IME with an altitude chamber the mild confusion came first. By the time I was getting visual symptoms we had one guy out cold and I couldn’t count to 5.

So for me at least the take-away was when something that ought to be simple isn’t, jump directly to hypoxia as a potential cause.

The real risk with the mild confusion IMO is the “aw fuck it, I don’t really need to be doing whatever; I’ll just sit here & daydream.” reaction. We were all trying to accomplish the various tasks set by the instructors. If I was at work & just idly fiddling with something mental or physical when I noticed I was confused it’d be easy in a confused state to simply dismiss the urge to continue to fiddle with whatever.

The good news is there’s not much way to have an oxygen shortage without a pressure shortage.
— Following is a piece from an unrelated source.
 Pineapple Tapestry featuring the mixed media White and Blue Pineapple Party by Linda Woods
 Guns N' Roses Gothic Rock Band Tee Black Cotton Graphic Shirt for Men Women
And a shortage of pressure is real hard to ignore unless a bunch of warning systems all go bad after a bunch of safeguards also go bad.

For the airliner crowd:

Does the flight deck get real bottled O[sub]2[/sub] or just the chemical reaction toys the cattle in back get?

And: re. the cattle: does the FAA still insist that each one, including carry-on, still weigh 170#?
(at least they changed the 8 hr bottle to throttle rule)

I’ve been through the altitude chamber. It was fun. I wish I could do it again.

@usedtobe: All real bottled O2 in the cockpit.

IIRC people now weigh 190# in summer & 210# in winter.

We get bottled O2 and our BAe146 passengers also get bottled O2 while our Avro RJ passengers have chemical reaction units. The important difference is in the mask rather than the O2 production method though. Passenger masks are diluter masks that mix the O2 with ambient air. They are worse than useless for a smoke/fire situation and are only intended for use in a depressurization. The pilot masks are intended for smoke and depressurization and can deliver 100% O2 at a slight positive pressure to keep smoke out of the mask and goggles or they can dilute the O2 for depressurization. There is nothing inherently wrong with chemical reaction O2, our crew fire fighting PBEs use chemical reaction O2.

As far as I can tell the FAA is similar to CASA in that they don’t insist passengers weigh anything in particular. They do insist that your aircraft is correctly loaded and they provide some acceptable methods for doing this. Standard weights is one method as is using actual passenger weights. The standard summer weights currently acceptable to the FAA are:

Adult passenger: 190#
Male adult:      200#
Female adult:    179#
Child:           82#

For winter months add 5# to all numbers.

Details here.

The key point in all of this is that if you know your passenger load is non-standard, e.g., you have a plane load of sumo wrestlers, then you must use actual weights. Using FAA standard weights does not alleviate you from your responsibility of ensuring the aircraft is correctly loaded.

As for the bottle to throttle rule, I don’t know what the FAA have changed to. CASA still have the 8 hour rule but you also must be free from the effects of alcohol. So if I’m flying at 7am the next morning and I only want a glass of wine, the latest I can have it is 11pm. If I intend to get properly drunk then, well, I wouldn’t risk it. I’d only do it if I had a day off the next day. I’ve been subject to airport drug and alcohol tests a couple of times recently and my career is not worth a few drinks.


Just answered my own question. Hey. it does sometimes happen.